> ABOUT THIS EXERCISE
Copy the records below exactly, starting at the line that contains "Метод модифицированной внутренней" and ending at the line that contains "Av respondenterna var"; leave out any pictures.

> RECORDS TO USE
○ ○ ○ ○ ○ ○ ○
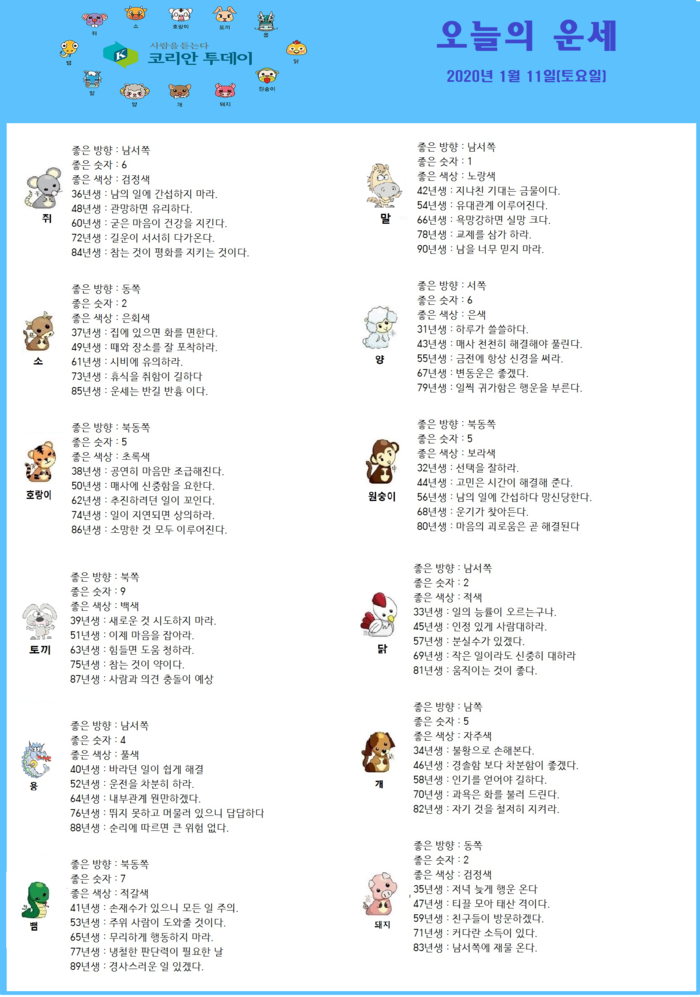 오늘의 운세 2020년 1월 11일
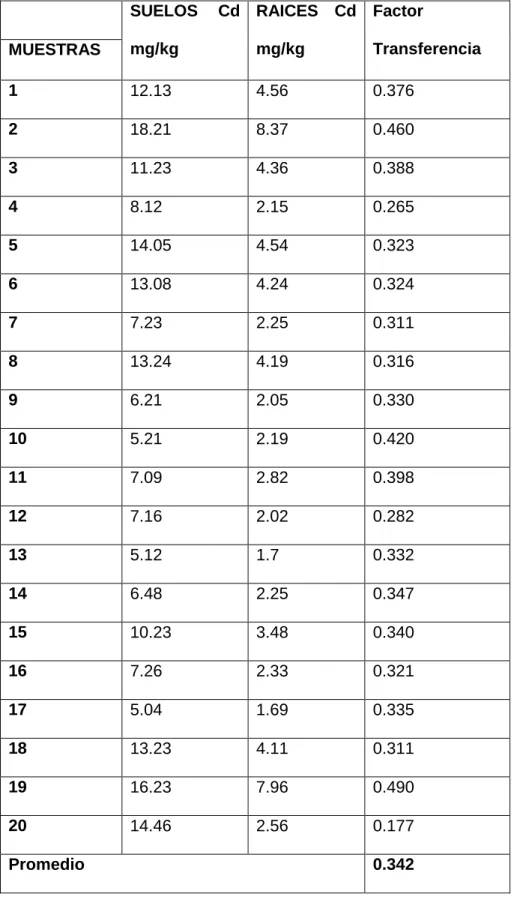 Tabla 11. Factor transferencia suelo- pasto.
○ ○ ○ ○ ○ ○ ○
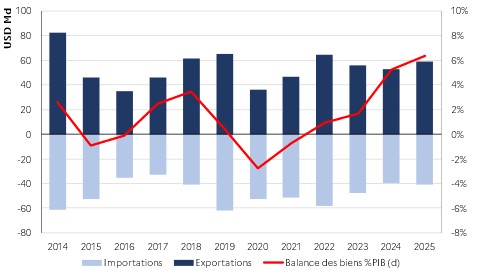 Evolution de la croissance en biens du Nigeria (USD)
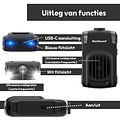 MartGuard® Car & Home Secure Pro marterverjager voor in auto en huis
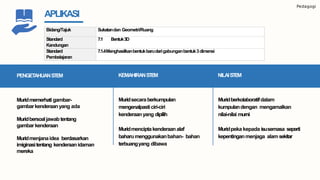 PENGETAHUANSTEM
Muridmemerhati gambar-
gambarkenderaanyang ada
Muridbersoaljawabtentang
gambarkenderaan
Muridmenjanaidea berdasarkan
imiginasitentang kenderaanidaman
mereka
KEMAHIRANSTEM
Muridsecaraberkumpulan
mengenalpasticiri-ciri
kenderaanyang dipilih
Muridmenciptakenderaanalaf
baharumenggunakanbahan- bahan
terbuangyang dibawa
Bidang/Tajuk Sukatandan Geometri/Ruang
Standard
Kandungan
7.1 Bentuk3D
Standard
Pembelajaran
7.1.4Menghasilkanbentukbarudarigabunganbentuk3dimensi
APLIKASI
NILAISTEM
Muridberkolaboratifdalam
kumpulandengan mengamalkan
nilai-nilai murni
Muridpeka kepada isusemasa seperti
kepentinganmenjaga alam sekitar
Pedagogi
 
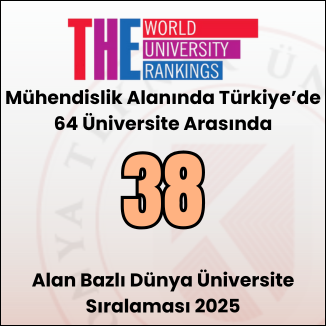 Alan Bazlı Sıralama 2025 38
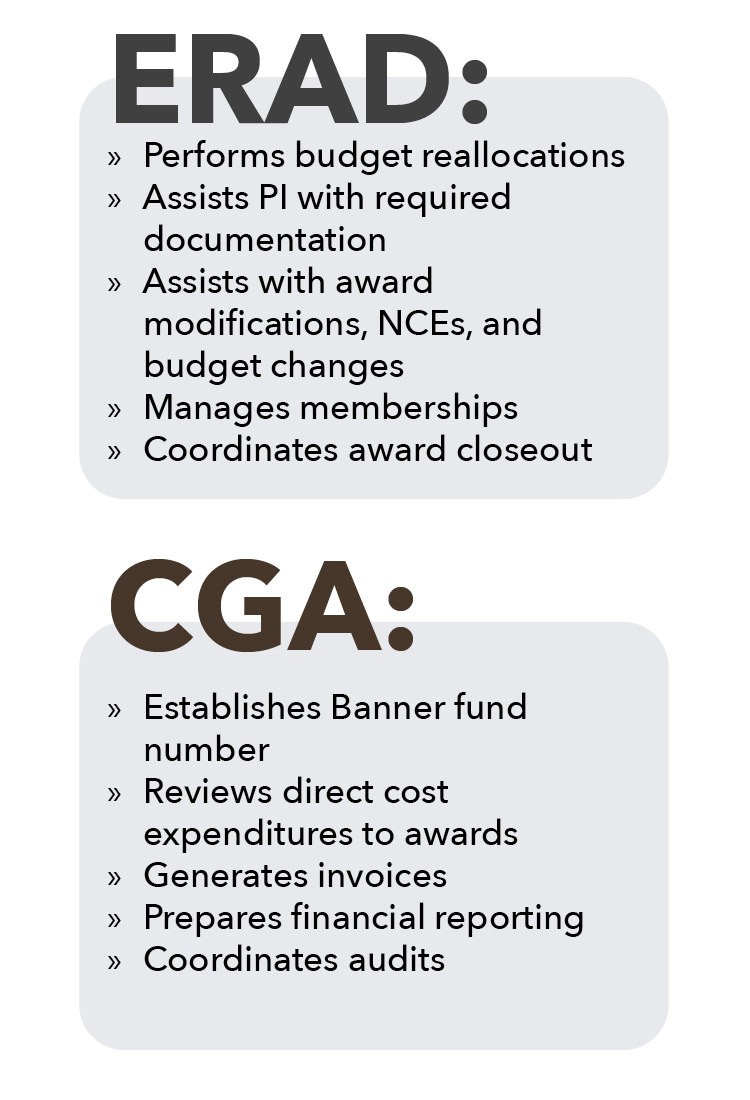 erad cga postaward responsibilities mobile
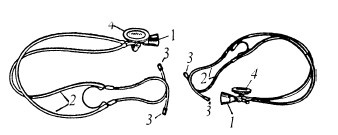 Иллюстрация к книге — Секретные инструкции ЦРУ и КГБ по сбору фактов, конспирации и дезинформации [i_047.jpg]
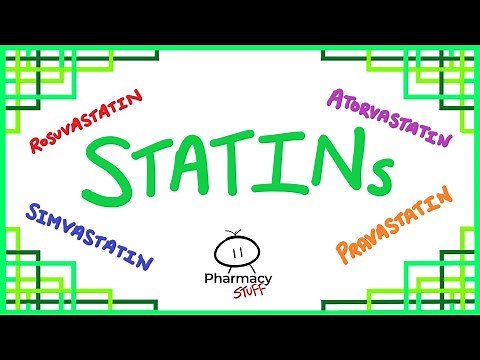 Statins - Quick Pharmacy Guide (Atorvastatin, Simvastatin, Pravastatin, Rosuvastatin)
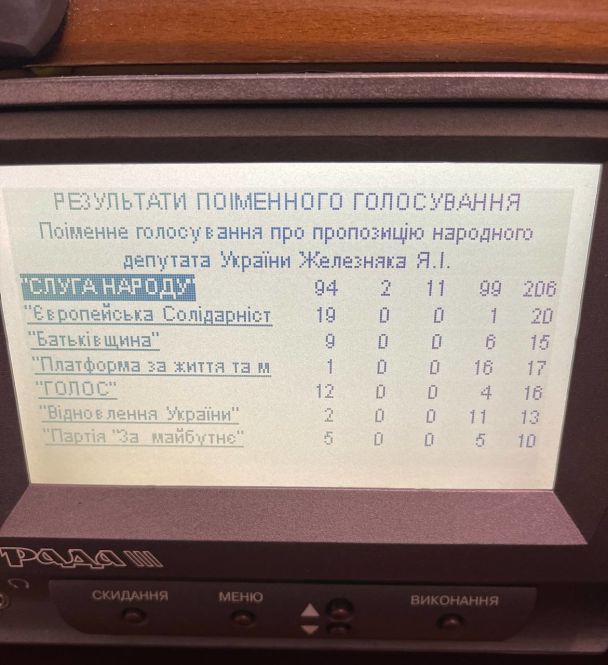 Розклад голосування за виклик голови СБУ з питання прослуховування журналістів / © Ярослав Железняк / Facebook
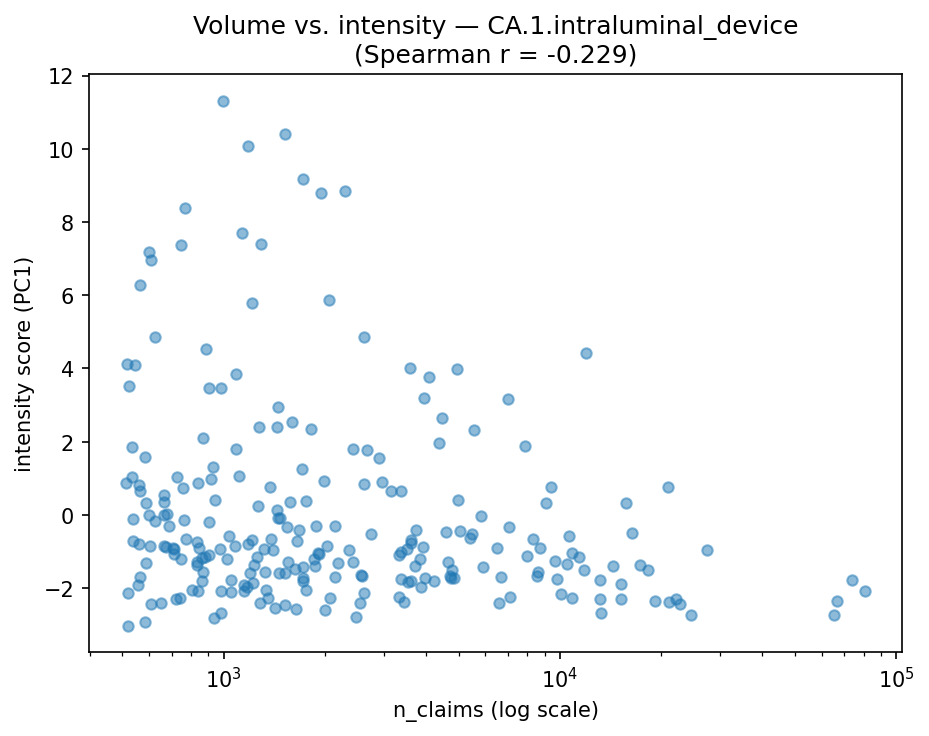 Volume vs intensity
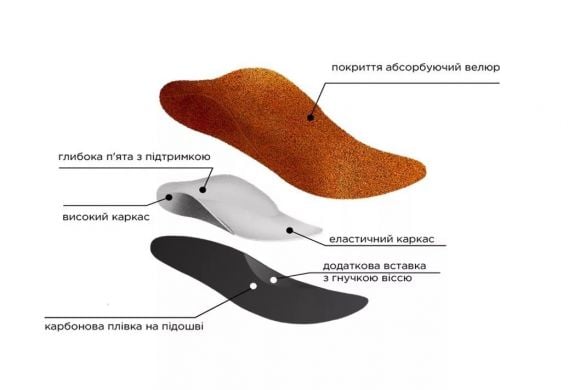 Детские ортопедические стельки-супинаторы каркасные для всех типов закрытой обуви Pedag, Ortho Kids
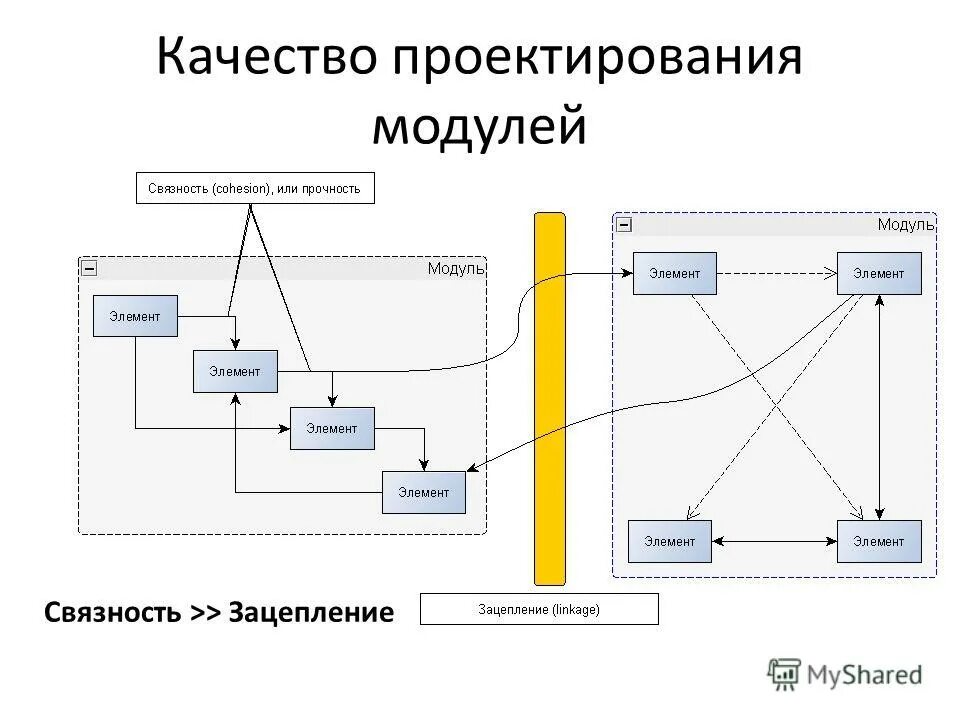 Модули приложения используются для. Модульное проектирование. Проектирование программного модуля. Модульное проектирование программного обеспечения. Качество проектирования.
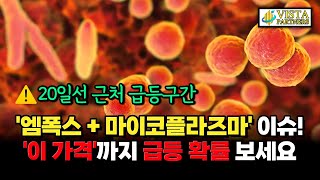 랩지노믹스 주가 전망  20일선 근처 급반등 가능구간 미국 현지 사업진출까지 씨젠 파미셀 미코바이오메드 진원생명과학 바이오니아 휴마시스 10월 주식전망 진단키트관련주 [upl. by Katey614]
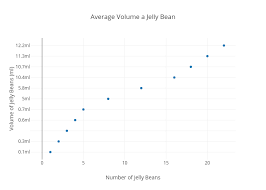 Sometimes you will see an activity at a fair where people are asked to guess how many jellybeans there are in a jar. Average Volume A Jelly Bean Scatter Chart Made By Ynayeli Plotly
○ ○ ○ ○ ○ ○ ○
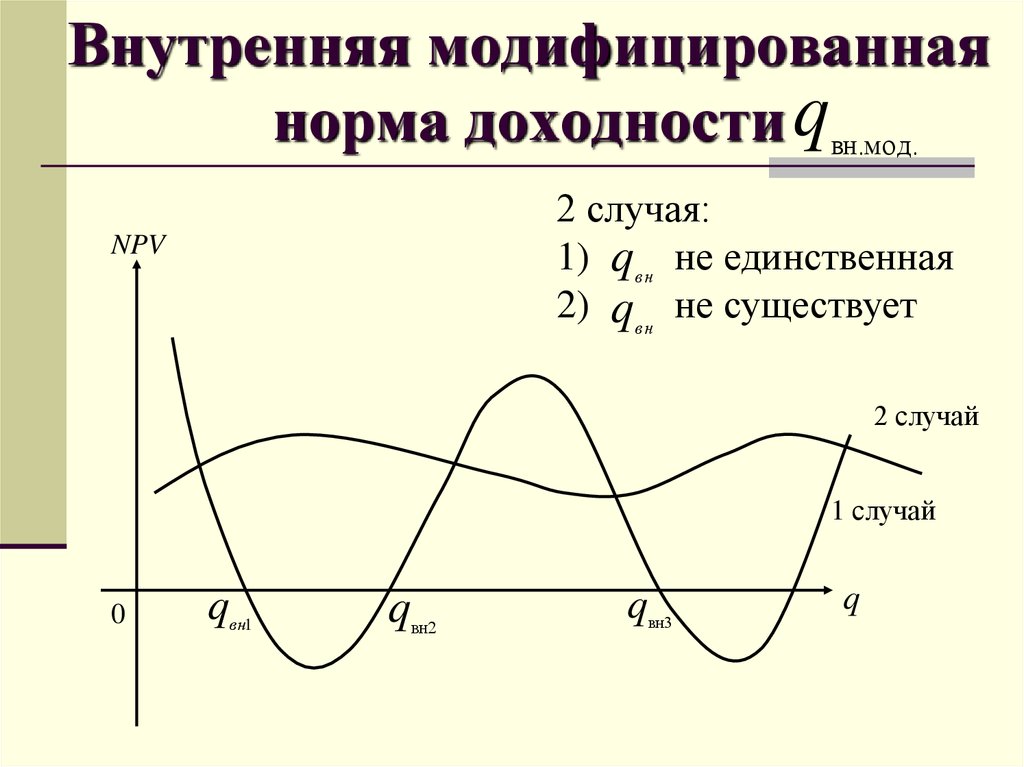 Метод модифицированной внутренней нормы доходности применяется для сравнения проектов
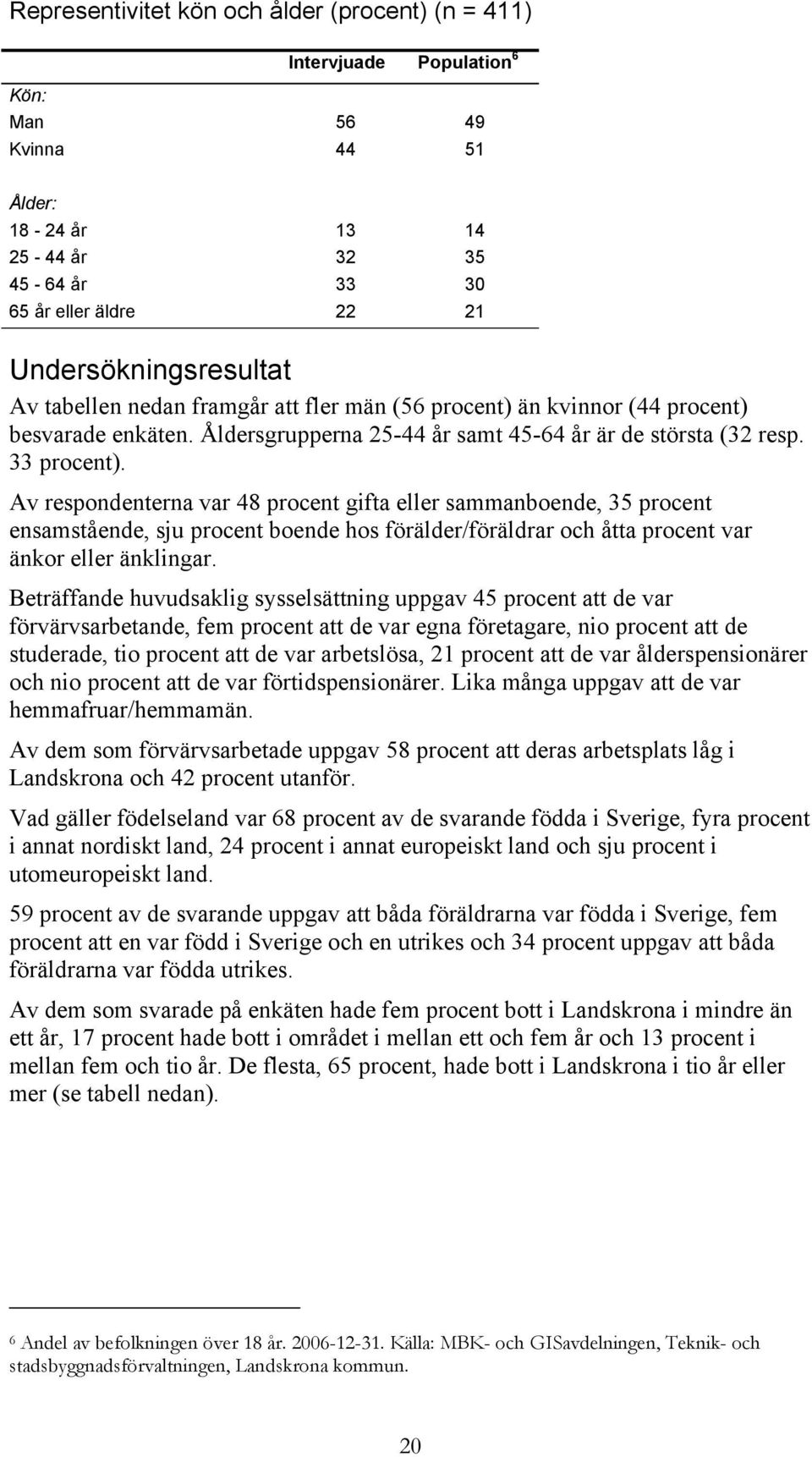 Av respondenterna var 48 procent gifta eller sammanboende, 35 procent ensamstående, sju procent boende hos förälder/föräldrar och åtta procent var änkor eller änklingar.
○ ○ ○ ○ ○ ○ ○
> FINISHED TASK
 Метод модифицированной внутренней нормы доходности применяется для сравнения проектов
 Av respondenterna var 48 procent gifta eller sammanboende, 35 procent ensamstående, sju procent boende hos förälder/föräldrar och åtta procent var änkor eller änklingar.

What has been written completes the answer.